As an introvert, I think quite a lot about this.  I’ve moved several times in my life and it takes quite a long time for me to get to know people.  Even now, having lived in my current town for over seven years, I know only four others in town  by name and none of them socialize.  One of the reasons I keep at this blog is that it develops a sense of community.  Those who are really successful on the internet develop followings of thousands, or millions.  My posts tend to be thoughtful (I hope) and often deal with stigmatized subjects.  (Although it’s starting to gain some respect, horror is a stigmatized genre.)  I very much appreciate my readers.  These thoughts are in my head and I let them out to roam on this blog.  I do hope that this post on stigma doesn’t lead to any shunning.  It’s just something I’ve noticed over the years.


The Talk

Sex.  It’s the great forbidden topic.  This extends to the truly staggering number of words that have been coopted, either as slang or circumlocutions, to discuss anything related to sex.  The other day I wanted to use the phrase, “finger in the dike.”  I was thinking of that illustration of a little Dutch boy preventing a flood from some of my childhood reading, but I quickly realized that it could be construed as insensitive.  When I was a child I wasn’t like other kids.  Some referred to my interests as “queer,” although I am not a homosexual and am not afraid to admit that I have many friends who are.  That word, though, can’t be used without being thought to refer to sex.  While this is true of many words that were once slurs, such as “gay” and the whole arsenal of derogatory words associated with denigrating our sisters and brothers, other—more neutral—words also fall into this category.
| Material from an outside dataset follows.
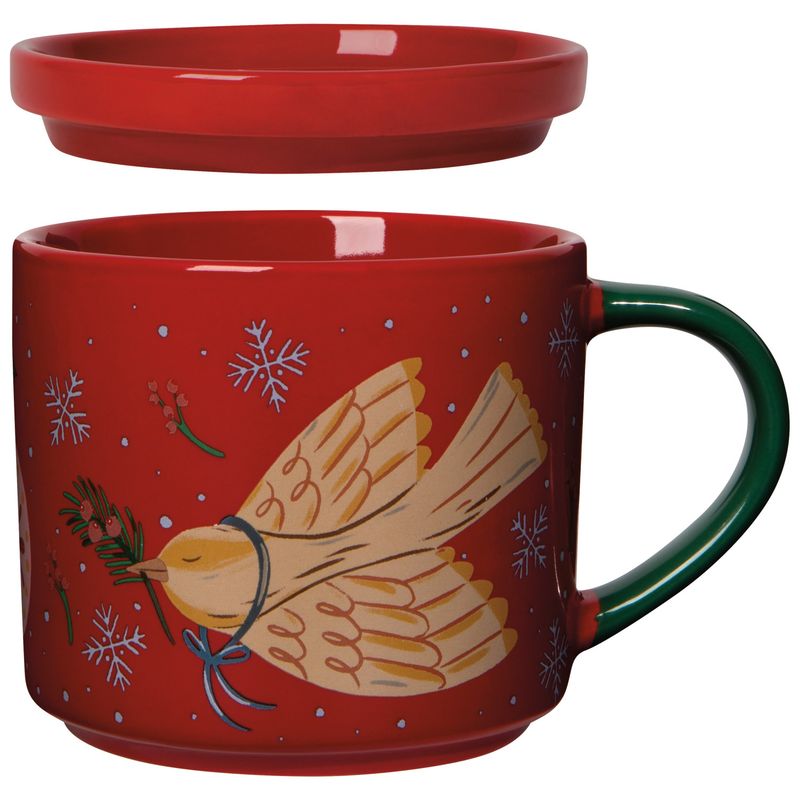 Mug Lidded - Season's Tweetings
The sheer number of words we use to refer to our genital organs would stun alien (off-world) linguists, perhaps confirming, in their own minds, the advantages of telepathy.  Who isn’t slightly embarrassed when someone introduces himself as “Dick”?  I remember a good friend, who happened to be a bishop (now, sadly, departed), who introduced himself to me as “Dick.”  (I was a seminary professor at the time.)  I had trouble calling him that, although we met on many informal occasions and he even wrote me letters of reference.  Sometimes I ponder how sex has become the most talked about stigma there is.  I’ve been on a private campaign against stigmas lately.  I know this is a fight I cannot win, but still, isn’t it worth talking about?
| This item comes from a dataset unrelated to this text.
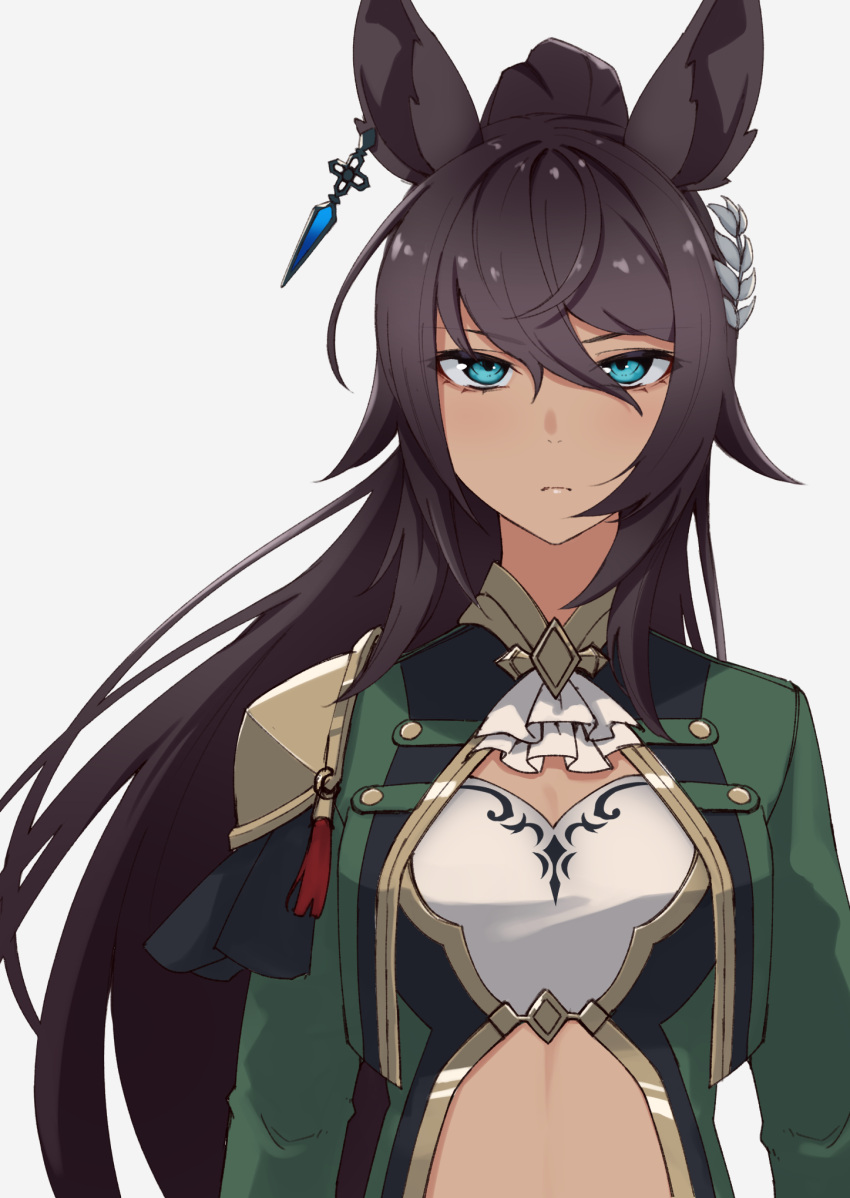 1girl animal_ears armor black_hair bleach blue_eyes closed_mouth clothing_cutout commentary cover danboru_(jdanboru1182) dark-skinned_female dark_skin earrings fake_cover frown green_jacket green_shirt grey_background highres horse_ears horse_girl jacket jewelry long_hair long_sleeves looking_at_viewer pauldrons shirt shoulder_armor simple_background single_earring single_pauldron solo stomach_cutout symboli_kris_s_(umamusume) textless_version umamusume wind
Probably the most frequently used adjective, among many subcultures, is the f-bomb.  No matter how many times we hear it used (and books have been written on it), it always manages to shock.  Even the word itself has spun a whole effing set of circumlocutions to refer to the word itself.  This is truly a remarkable state of affairs.  I’ve studied linguistics enough to know that some topics are like this, but I’m hard pressed to think of any others that reach the level of sex.  Many are the times when I want to use a phrase I was taught as a kid that I now have to resist.  I had a colleague once respond with open-mouthed shock as I used a word in public that remains perfectly innocent (which is how I was using it) but which could be construed the wrong way. Such is our world.  Ironically, you can see sex in the media quite easily.  Movies, television, the internet.  Just don’t talk about it.